Special Issue "Antivirals for Newly Emerging Viral Diseases of Global Importance"

A special issue of Viruses (ISSN 1999-4915). This special issue belongs to the section "Viral Immunology, Vaccines, and Antivirals".

Deadline for manuscript submissions: 30 November 2021.

Special Issue Editors

Dr. Mariana Baz
E-Mail Website1 Website2
Guest Editor
Research Center in Infectious Diseases of the CHU of Québec and Université Laval, Québec City, QC G1V 4G2, Canada
Interests: influenza viruses; pathogenesis and transmission; antivirals; vaccines; high-risk populations; animal models; clinical studies; emerging and re-emerging viruses
Special Issues and Collections in MDPI journals
Dr. Edin Mifsud
E-Mail Website
Guest Editor
World Health Collaborating Centre for Reference and Research on Influenza at the Peter Doherty Institute, 792 Elizabeth St, Melbourne, Australia
Interests: Influenza virus; Bacterial co-infections; transmission; antivirals; vaccines; pathogenesis; animal models; antiviral resistance

Special Issue Information

Dear Colleagues,

Viral infections cause high morbidity and mortality. About 12% of known human pathogens have been recognized as either emerging or re-emerging. As evident by the current Coronavirus Disease 2019 (COVID-19) pandemic, which is caused by severe acute respiratory syndrome coronavirus 2 (SARS-CoV-2), emerging viruses are a major public health concern resulting in both health and economic challenges. Furthermore, the World Health Organization has listed COVID-19 along with Middle East respiratory syndrome coronavirus (MERS-CoV), Ebola, Marburg, and Crimean-Congo hemorrhagic fever, Lassa fever, Rift Valley fever, and Zika as diseases which pose the greatest public health risk not only because of their pandemic potential but also because of the lack of countermeasures available to limit the spread and treat the disease caused.

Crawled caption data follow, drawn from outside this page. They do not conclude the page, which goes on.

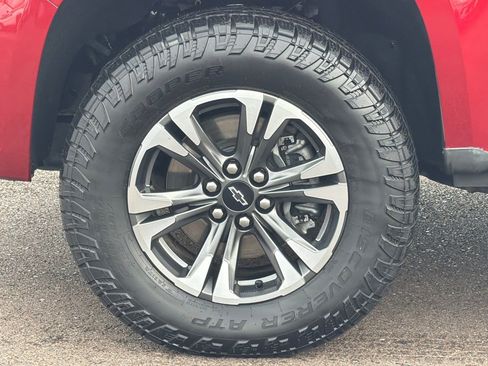 Used 2021 Chevrolet Colorado Z71 w/ Safety Package image 25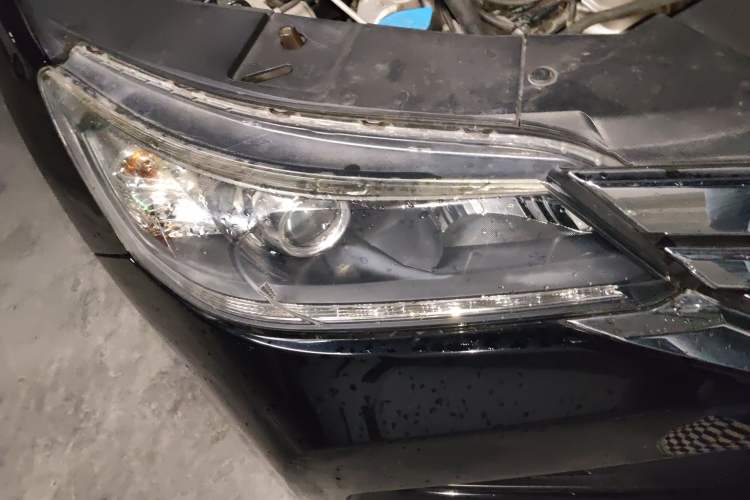 Used Honda Accord 2014 2.0L LX Comfort Edition Right Front Headlight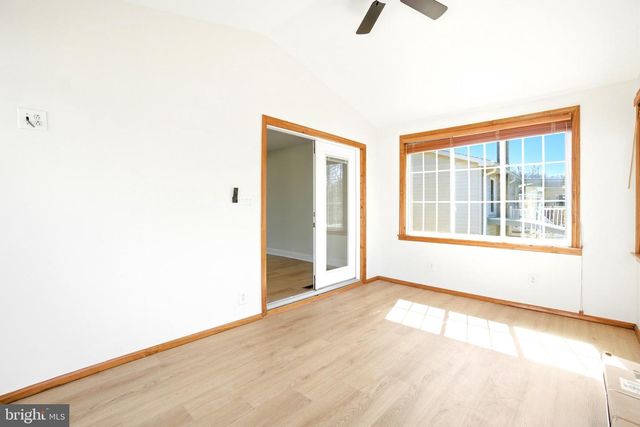 302 WEST RD, Baltimore, MD 21221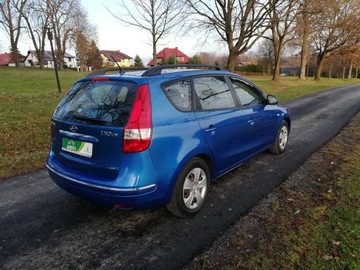 Hyundai i30 I CW 1.4 DIHC CVVT 109KM 2009 Hyundai i30 I 1.4 16V 109CV BlueDr. GPL Special, zdjęcie 9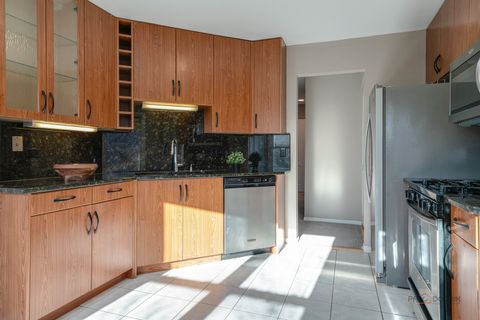 Tiny photo for 76 Willow Parkway, Buffalo Grove, IL 60089 (MLS # 12584177)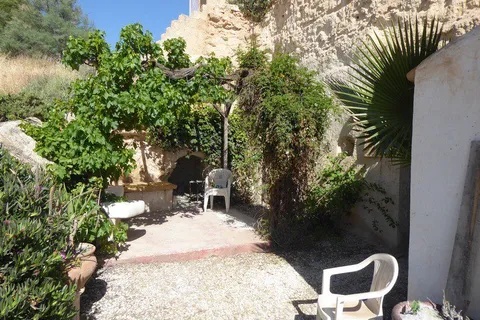 Cave house in La Alqueria, Granada - photo 5
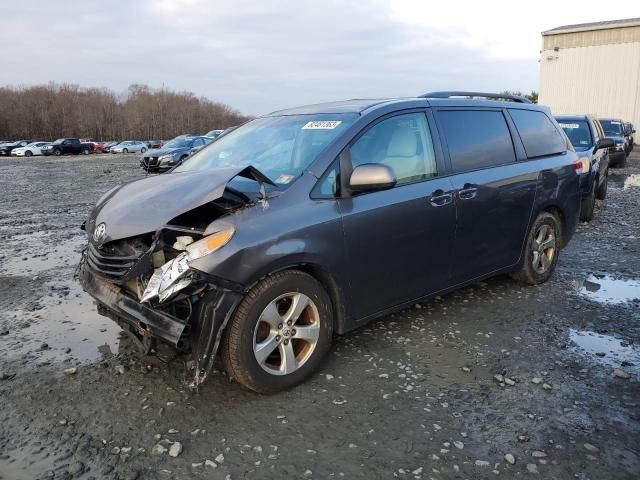 2012 Toyota Sienna LE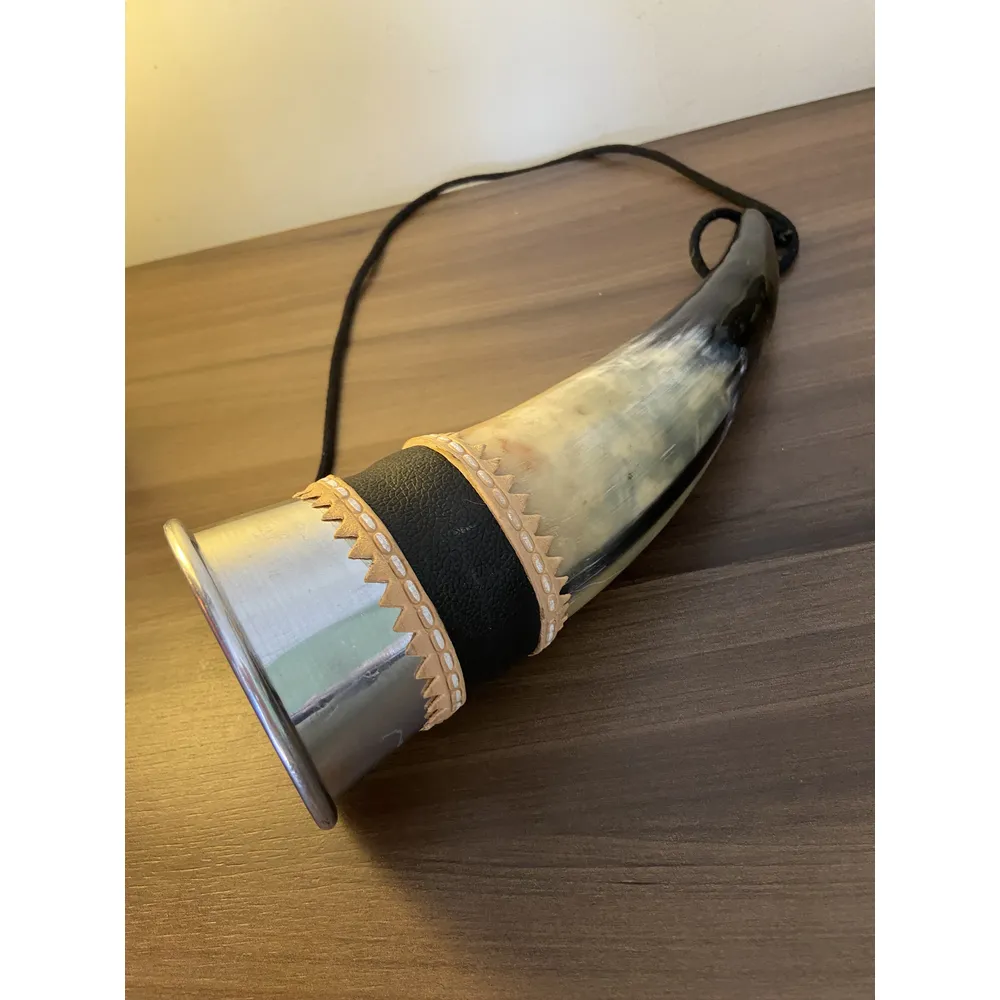 Copo Viking em Chifre Boi Natural 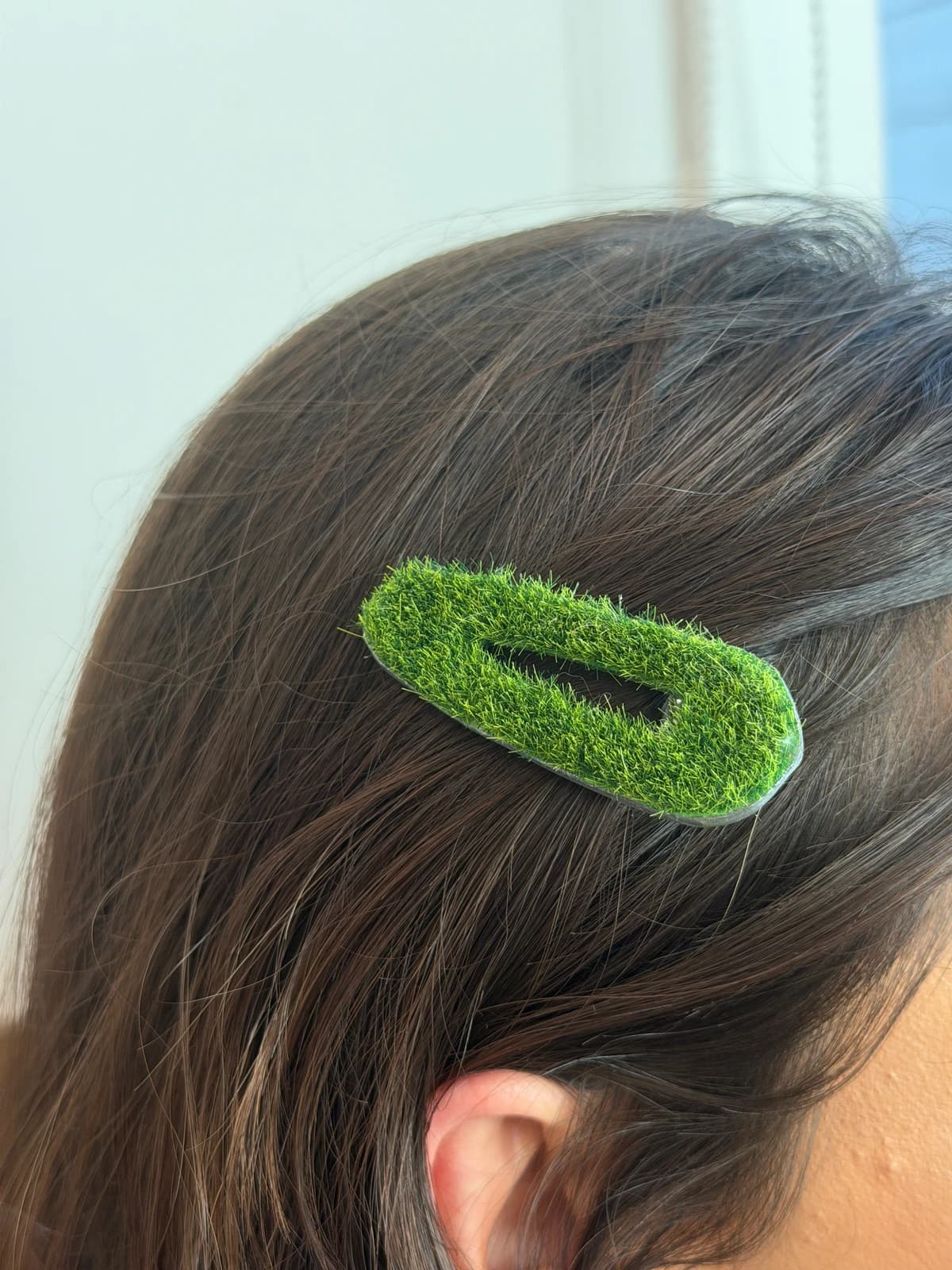 GRASS HAIRCLIP view 4
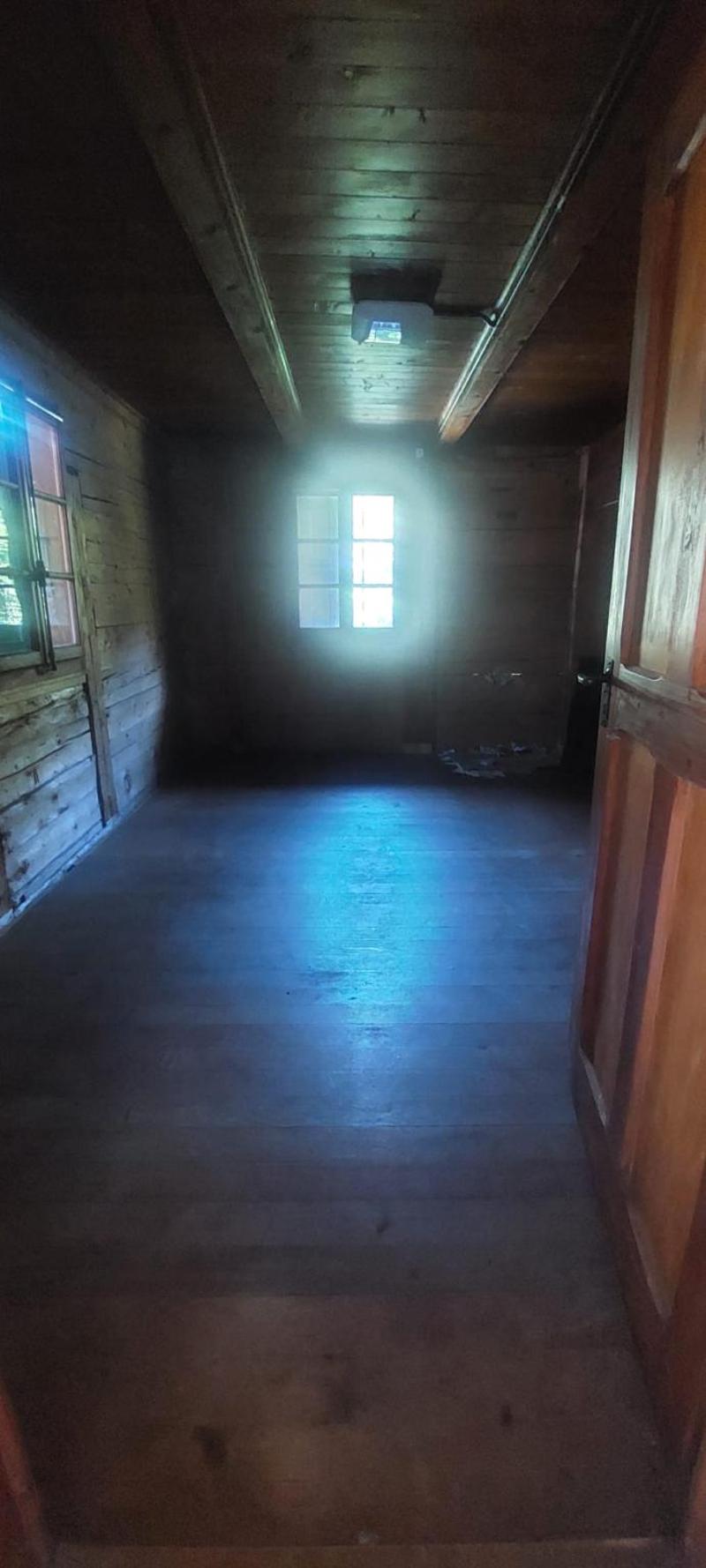 Magnifique chalet à rénover à vendre ? Troistorrents (6)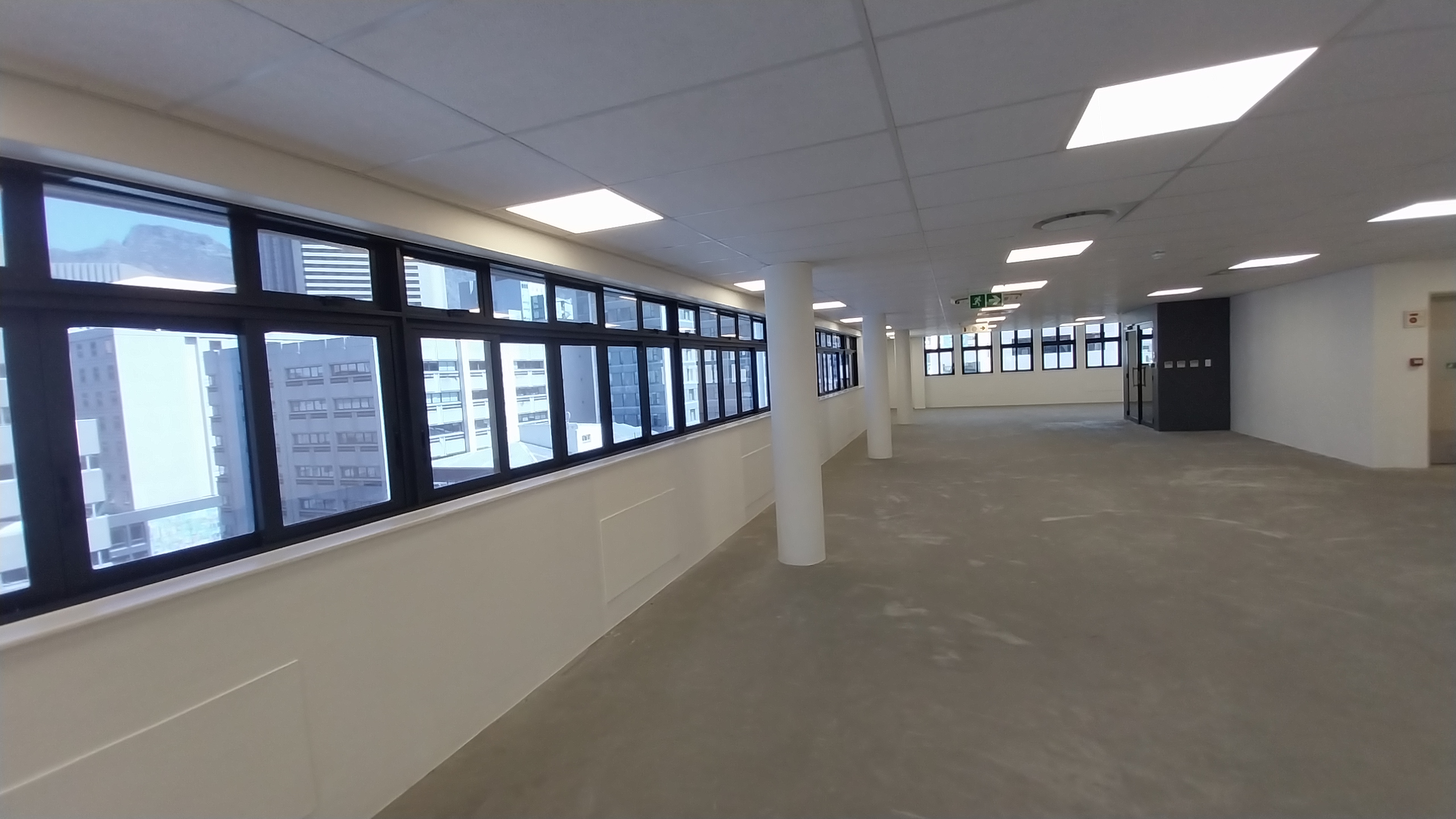 335m² Office Space to rent at 30 Waterkant Street in Cape Town CBD
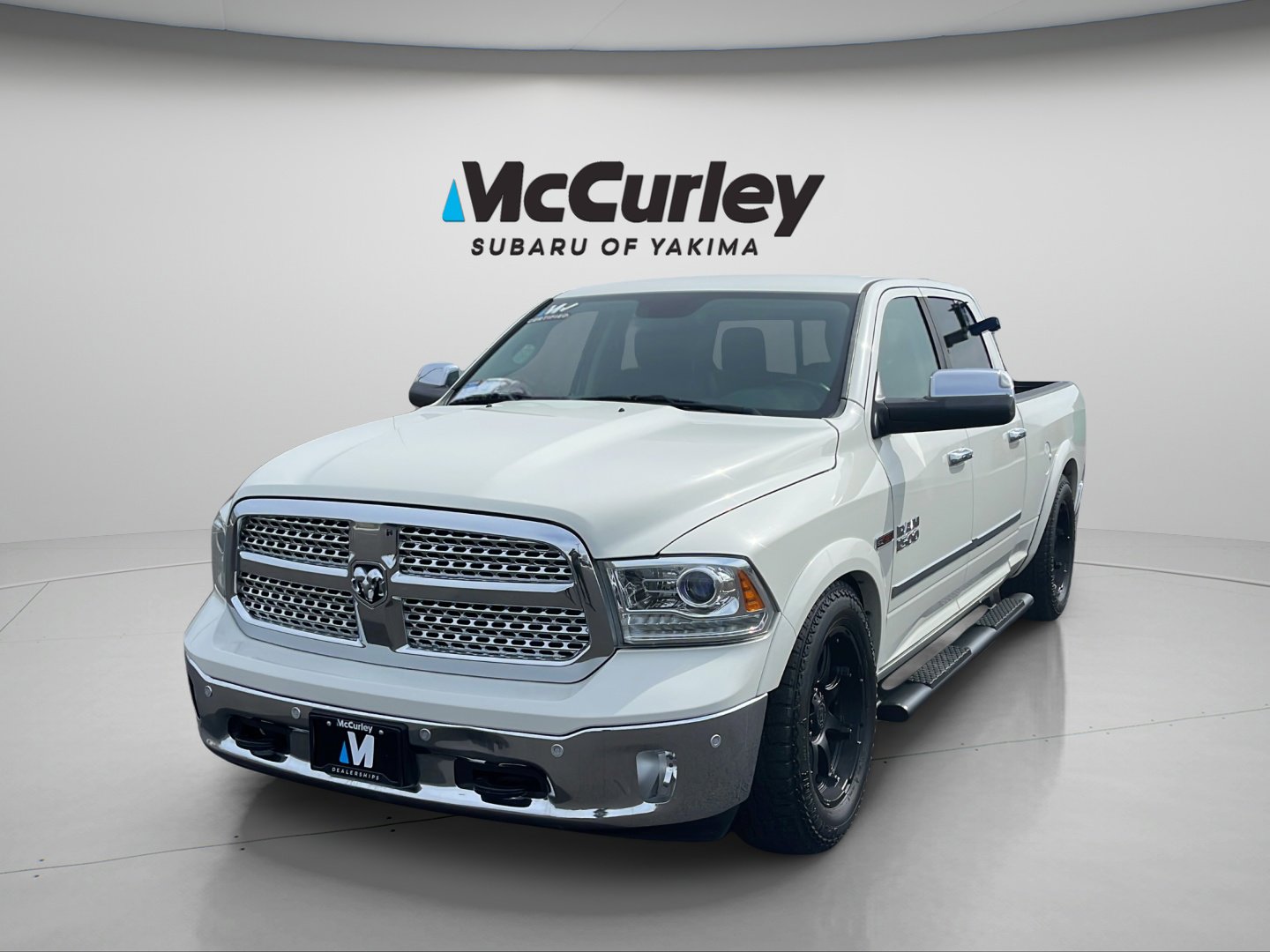 Used 2016 RAM 1500 Laramie w/ Convenience Group image 9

The limited treatment options available to combat these emerging viruses have raised the need for broad-spectrum antivirals effective against a wide range of viruses. Substantial efforts have been made to develop novel therapeutic candidates including small molecules, peptides, monoclonal antibodies, novel viral and host cell targets, drug repurposing, new antiviral agents, and innovations in drug discovery against emerging viruses.

In this Special Issue, we aim to describe the most recent discoveries in antivirals for emerging viruses of global importance. We seek contributions of original research and review articles as well as short communications.

Dr. Mariana Baz
Dr. Edin Mifsud
Guest Editors

Manuscript Submission Information

Manuscripts should be submitted online at www.mdpi.com by registering and logging in to this website. Once you are registered, click here to go to the submission form. Manuscripts can be submitted until the deadline. All papers will be peer-reviewed. Accepted papers will be published continuously in the journal (as soon as accepted) and will be listed together on the special issue website. Research articles, review articles as well as short communications are invited. For planned papers, a title and short abstract (about 100 words) can be sent to the Editorial Office for announcement on this website.

Submitted manuscripts should not have been published previously, nor be under consideration for publication elsewhere (except conference proceedings papers). All manuscripts are thoroughly refereed through a single-blind peer-review process. A guide for authors and other relevant information for submission of manuscripts is available on the Instructions for Authors page. Viruses is an international peer-reviewed open access monthly journal published by MDPI.

Please visit the Instructions for Authors page before submitting a manuscript. The Article Processing Charge (APC) for publication in this open access journal is 2200 CHF (Swiss Francs). Submitted papers should be well formatted and use good English. Authors may use MDPI's English editing service prior to publication or during author revisions.

Keywords

  • emerging and re-emerging viruses
  • antivirals
  • broadly acting antivirals
  • novel therapeutic strategies
  • antibodies
  • small molecules
  • drug repurposing
  • plant-derived antivirals
  • drug discovery
  • antiviral resistance
  • high-risk populations
  • animal models
  • zoonosis

Published Papers (4 papers)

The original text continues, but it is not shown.